44 People and a cargo plane disappeared in western Canada in 1950, and no one has since found a single trace of either the plane or crew.

 

The Douglas C-54 Skymaster was a cargo plane that made routine flights across the United States and Canada between 1942 and the late 1970’s. It was a 4 engined standard transport plane that was mostly used for moving cargo around the hard to reach places in Canada and Alaska.

 

On the 26 January 1950, a Douglas C-54D Skyplane with serial number 42-72469 was scheduled to leave Anchorage in Alaska on a trip to Montana carrying a total of 44 people, which included 8 crew members and 36 passengers, all of which were military personnel except a woman and her young son.

 

The flight departed several hours after its arranged flight time as the plane was having trouble with one of its engines. After the engine was fixed the plane successfully took off and began heading on its route towards Montana.

 

2 Hours after the flight took off it made radio contact as scheduled and reported everything was fine, but this was the last time anyone made contact with the plane. After it failed to reach Montana and all attempts to contact them by radio failed, a search and rescue operation was launched 1 hour after the missed check in.

 

The operation to find the missing aircraft was one of the biggest search and rescue operations ever to be mounted for a missing aircraft at the time, and involved 85 planes and over 7000 personnel, all trying to search an area of 350,000 square miles.

 

After 24 days of searching the operation was eventually was called off on the 20th of February, with letters being sent to the passengers and crews next of kin informing them all aboard the plane were presumed dead.

 

It seems that whatever happened to the aircraft caused all 44 people on board to die, as non of them managed to reach safety, but the odd thing is that no one has found any trace of the crew or the plane.

 

Normally when a plane crashes it sends up plumes of smoke that can be seen for miles, and a cargo plane of this size isn’t exactly hard to miss.

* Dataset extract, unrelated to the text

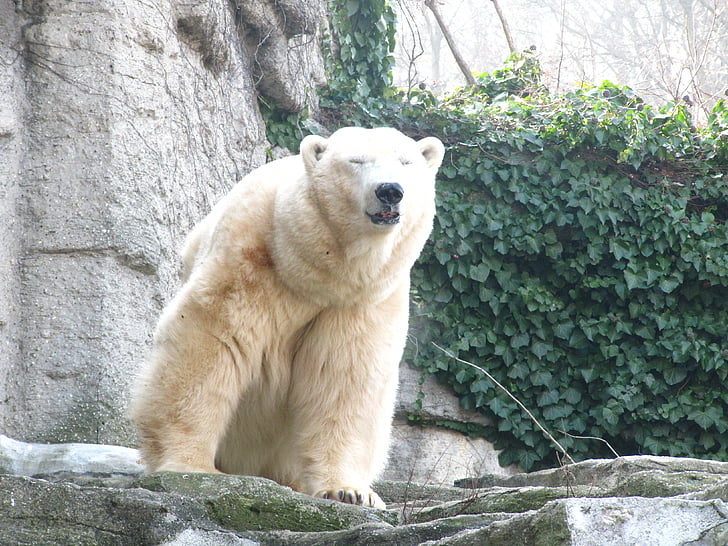 oso polar, oso de, mundo animal, dulce, osos, Parque zoológico, resto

To this day not a single sign of the flight has been found, even though there have been countless planes flying the same route over the years, and not one has reported seeing anything.

 

Another strange thing about this disappearance is that when the plane made its last check in 2 hours after take-off, it was already past the ocean part of the journey and there for must have crashed on land somewhere, which would suggest that it should have been found by now.